Tom Cotton: Rioters 'Just Wandered' Into The Capitol On Jan. 6


ABC News host Jonathan Karl called out Sen. Tom Cotton (R-AR) after he suggested Jan. 6 rioters “just wandered into the Capitol.”

During a Sunday interview on ABC’s This Week, Karl confronted Cotton with a statement he made following the Jan. 6 riot at the U.S. Capitol.

“It’s past time for the president to accept the results of the election, quit misleading the American people, and repudiate mob violence,” Cotton said at the time.

“More than three years later, Trump has still not accepted the results,” Karl noted. “He is still misleading the American people.”

Cotton falsely claimed Trump had accepted the election results “that very day.”

“He still hasn’t accepted the results of the election,” Karl pointed out. “He’s also calling the people that attacked the Capitol hostages. And he’s suggesting that he would, may pardon all of them. I mean, I assume you don’t agree with that.”

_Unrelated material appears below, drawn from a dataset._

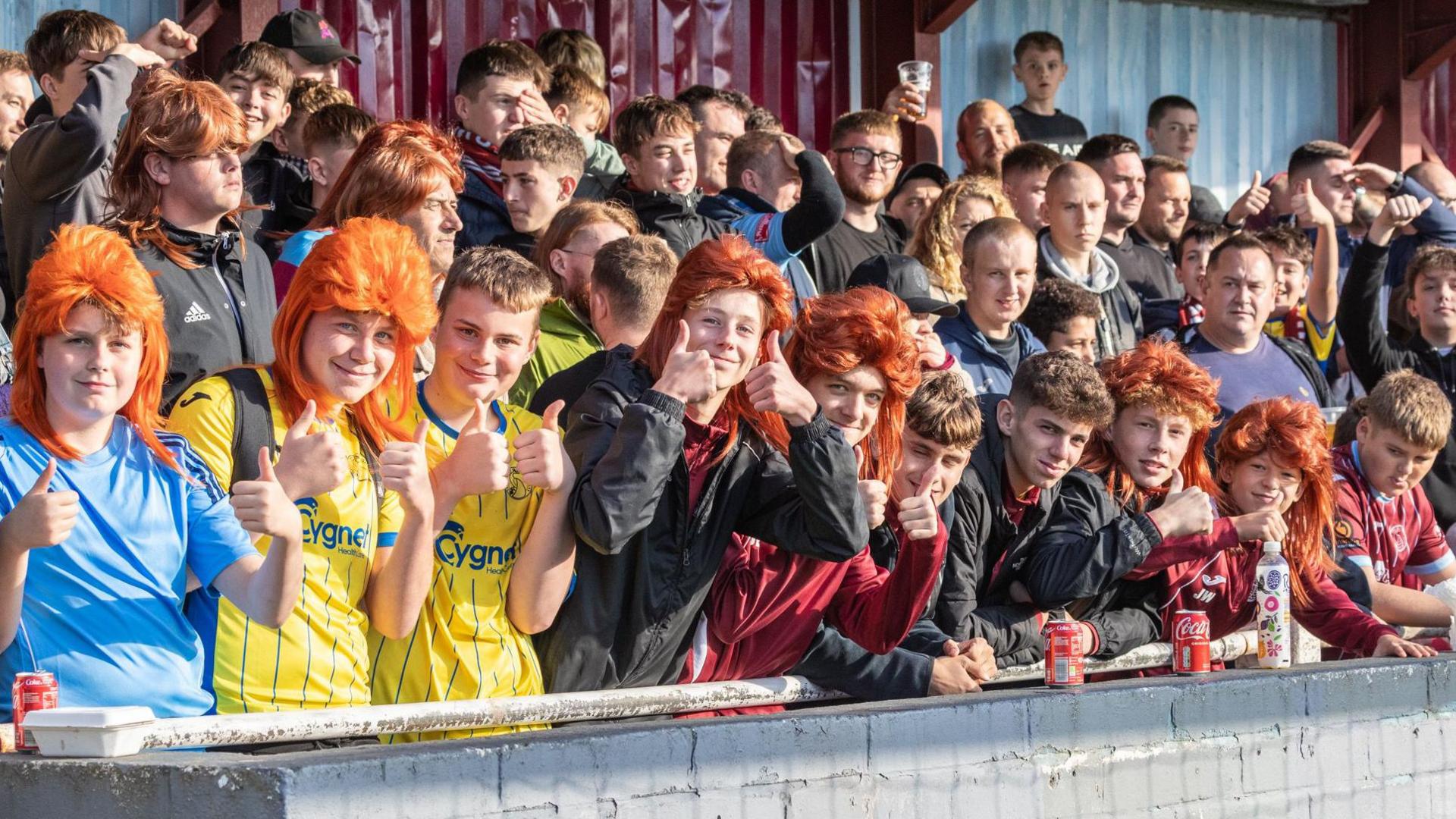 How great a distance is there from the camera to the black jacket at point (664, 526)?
3.94 meters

“He said that he would consider pardons, and some of them probably…” Cotton said.

“And he called them hostages,” the ABC host interrupted. “So you agree these are hostages?”

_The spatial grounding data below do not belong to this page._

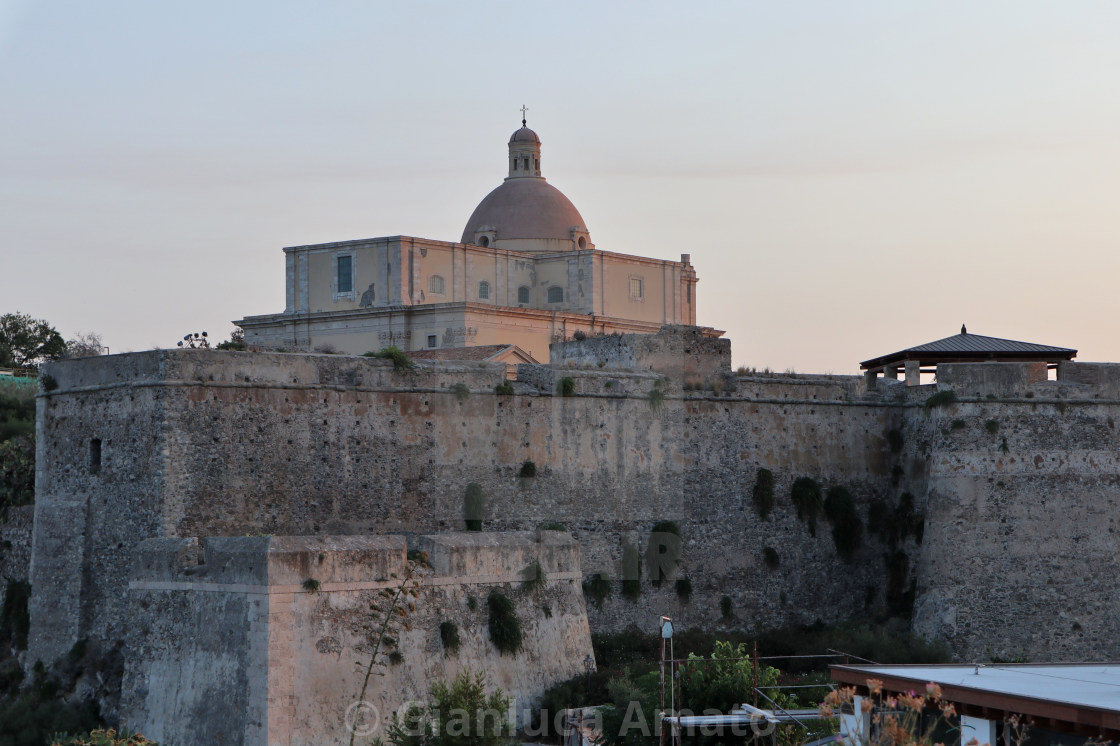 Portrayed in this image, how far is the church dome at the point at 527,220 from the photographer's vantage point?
64625 millimetres

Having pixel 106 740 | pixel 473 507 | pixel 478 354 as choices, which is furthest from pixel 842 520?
pixel 106 740

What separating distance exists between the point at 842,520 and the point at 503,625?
977 cm

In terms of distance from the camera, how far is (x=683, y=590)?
102 ft

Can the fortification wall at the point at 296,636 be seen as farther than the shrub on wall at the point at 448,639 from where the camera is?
No

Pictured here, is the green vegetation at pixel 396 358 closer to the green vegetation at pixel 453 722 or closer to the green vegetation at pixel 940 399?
the green vegetation at pixel 453 722

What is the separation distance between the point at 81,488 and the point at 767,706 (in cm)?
1159

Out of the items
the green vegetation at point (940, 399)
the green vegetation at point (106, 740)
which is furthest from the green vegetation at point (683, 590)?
the green vegetation at point (106, 740)

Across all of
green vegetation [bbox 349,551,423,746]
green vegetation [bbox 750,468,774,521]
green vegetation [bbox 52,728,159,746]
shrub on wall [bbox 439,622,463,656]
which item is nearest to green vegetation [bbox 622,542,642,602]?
green vegetation [bbox 750,468,774,521]

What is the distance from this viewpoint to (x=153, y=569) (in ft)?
Result: 82.6

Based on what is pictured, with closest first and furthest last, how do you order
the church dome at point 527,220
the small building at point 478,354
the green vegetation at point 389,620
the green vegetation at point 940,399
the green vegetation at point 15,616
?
1. the green vegetation at point 389,620
2. the green vegetation at point 15,616
3. the green vegetation at point 940,399
4. the small building at point 478,354
5. the church dome at point 527,220

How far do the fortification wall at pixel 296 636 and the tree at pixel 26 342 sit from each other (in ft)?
103

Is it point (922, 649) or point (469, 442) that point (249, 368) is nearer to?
point (469, 442)

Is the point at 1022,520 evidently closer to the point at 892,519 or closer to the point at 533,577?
the point at 892,519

“Some of them have been held in pre-trial detention longer than the sentences for the crimes with which they are charged,” Cotton remarked. “For people who just wandered into the Capitol, they thought it was open or was on the grounds.”

“I mean, that wasn’t like wandering,” Karl explained. “This wasn’t a tourist visit.”

For his part, Cotton complained that the Department of Justice was not going after “left-wing street militia threatening to assassinate Supreme Court justices.”

“People who were involved in that riot, who assaulted police officers, or who defaced and damaged public property should face the legal consequences,” he added.

“Isn’t it odd that the Republican nominee doesn’t agree with that?” Karl asked.

“What shouldn’t be used is every grandma who had a red MAGA hat that was within a country mile of the Capitol on January 6th shouldn’t be sitting in pre-trial detention for a longer time than the crimes for which they might face a sentence,” Cotton concluded.